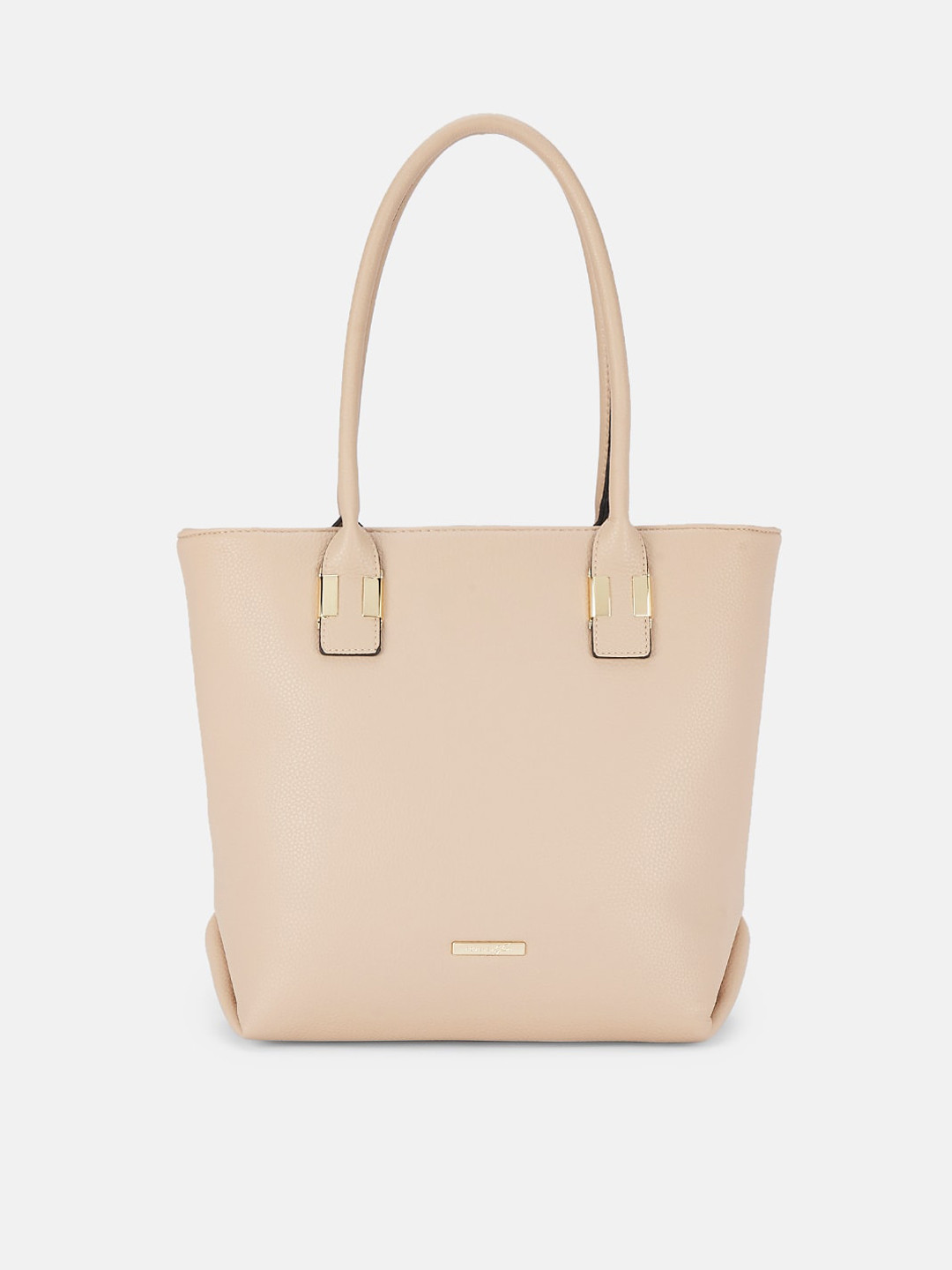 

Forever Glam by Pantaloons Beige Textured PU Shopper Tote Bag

-=-=-=-=-

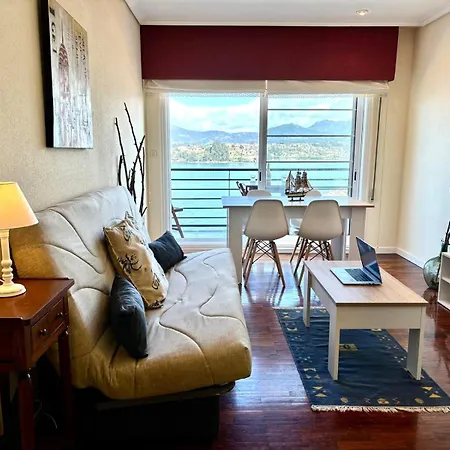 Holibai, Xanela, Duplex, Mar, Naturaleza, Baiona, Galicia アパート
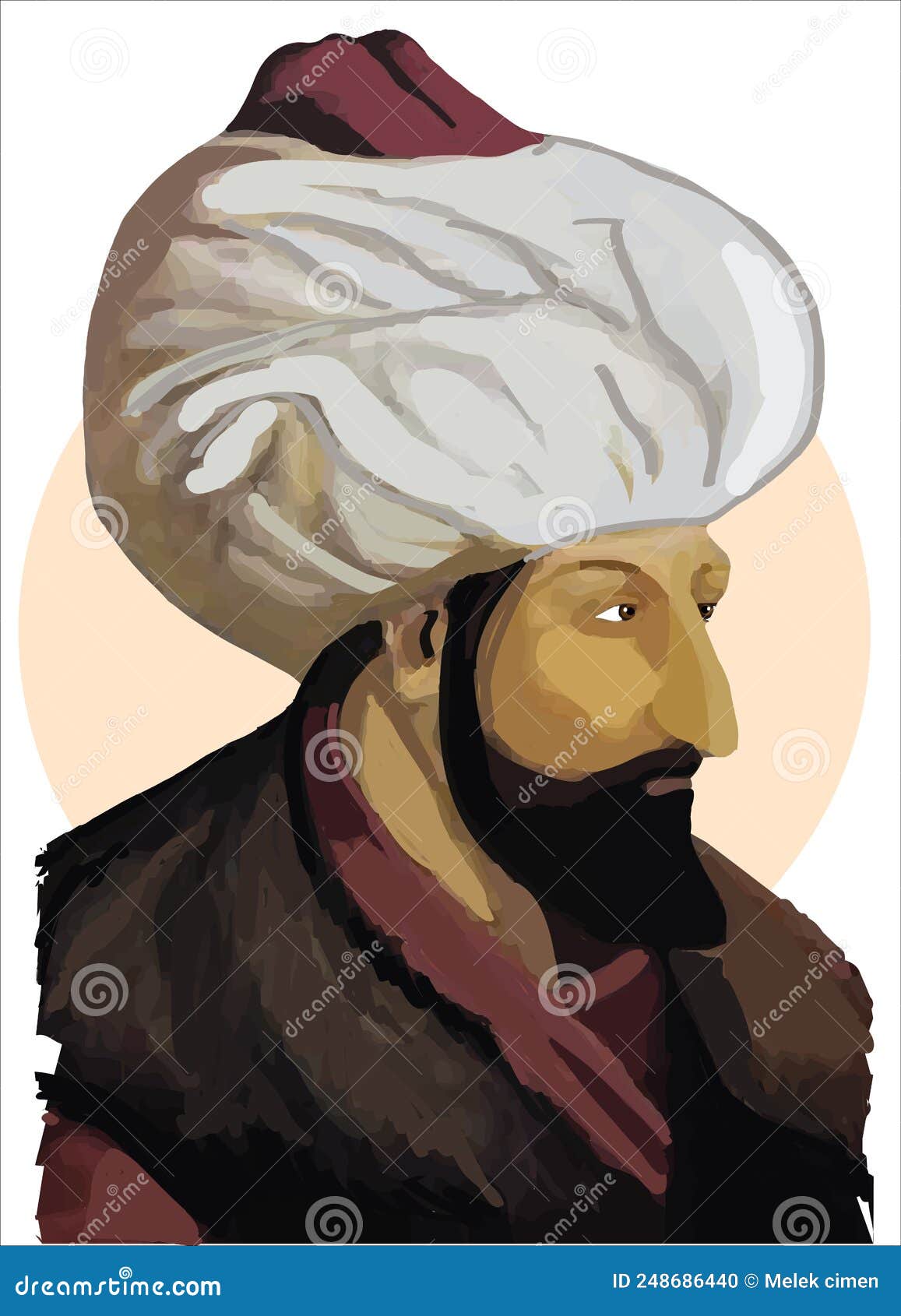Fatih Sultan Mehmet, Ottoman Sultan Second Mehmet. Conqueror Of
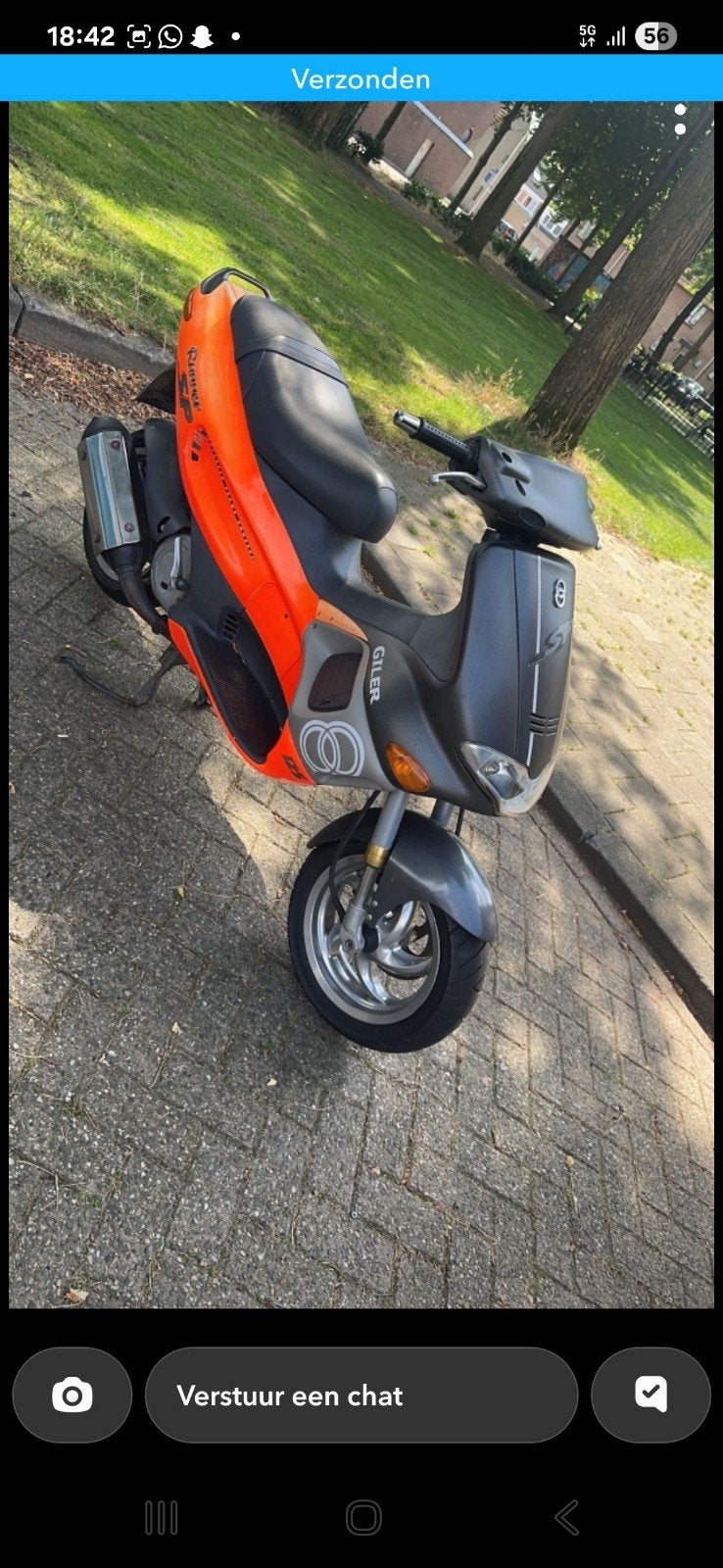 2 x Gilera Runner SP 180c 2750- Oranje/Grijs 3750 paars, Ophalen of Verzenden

-=-=-=-=-

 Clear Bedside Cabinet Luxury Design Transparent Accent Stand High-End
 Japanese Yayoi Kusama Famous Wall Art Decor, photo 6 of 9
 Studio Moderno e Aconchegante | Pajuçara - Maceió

-=-=-=-=-

• [Exercise directions] All that is wanted is a faithful reproduction of the line above with "Clear Bedside Cabinet", the line with "Studio Moderno e", and every line in between.

• [Response for this exercise]
 Clear Bedside Cabinet Luxury Design Transparent Accent Stand High-End
 Japanese Yayoi Kusama Famous Wall Art Decor, photo 6 of 9
 Studio Moderno e Aconchegante | Pajuçara - Maceió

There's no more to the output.